In the following, we start by providing a survey of the ‘state of the art’ in phishing. Next, we describe the current phishing education strategies we developed and implemented. The educational method includes phishing detection tests, as well as an education session that starts by defining the threat and builds that knowledge into means for phish identification. The education module has been already administered to approximately 120 undergraduate students at Montclair State University.
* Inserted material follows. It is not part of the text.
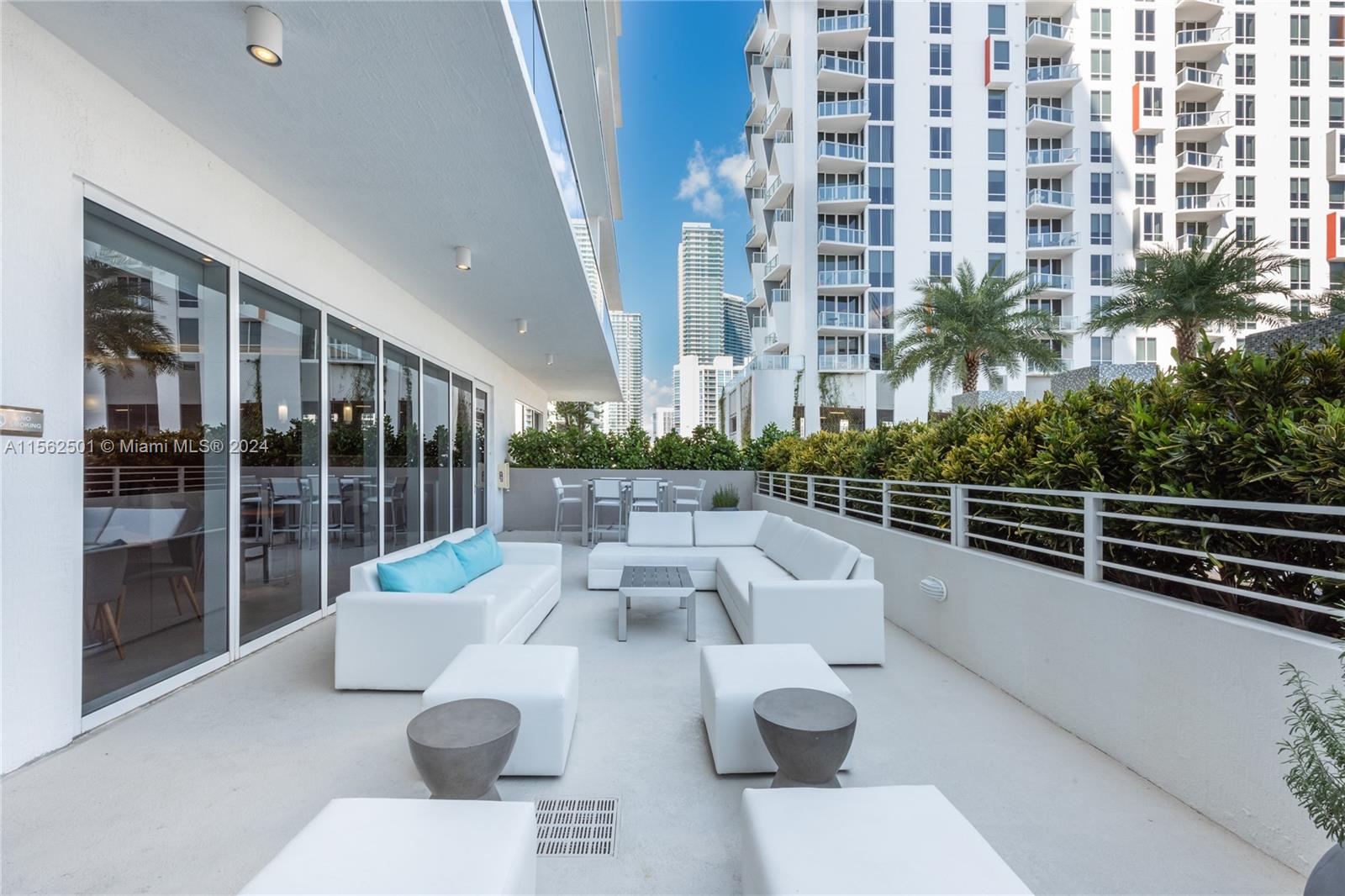 600 NE 27th St 2605, Miami, Florida 33137, 3 Bedrooms Bedrooms, ,2 BathroomsBathrooms,Residentiallease,For Rent,600 NE 27th St 2605,A11562501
Survey results indicate an increased awareness of the issue and an increased ability to detect phishing attempts.

Key Terms in this Chapter

Identity theft: The act of stealing personal information and user credentials, with the intent of using the information for fraudulent purposes.

Context-Aware Phishing IQ Text: The combination of context information of a target audience and a phishing IQ text that is custom built as a way to optimize the education experience of the end-users.

Phishing Botnet: A collection of compromised computers that run with the intent of conducting phishing attacks.

Page Load Attack: A toolbar exploit that delays a webpage from fully loading in the web browser as a way of preventing the browser from determining the webpage’s authenticity.

Context-Aware Phishing Attack: A phishing attack that built from information gathered in advance about the target used to harvest additional information needed for identity theft.

Phishing: The use of social engineering in e-mails for the purpose of deceiving the recipient into either compromising sensitive information or following a set of instructions that leads to a security breach.

Content Distribution Network Attacks: A toolbar exploit that appends a blacklisted phishing address to a white listed webpage in an effort to circumvent the toolbar.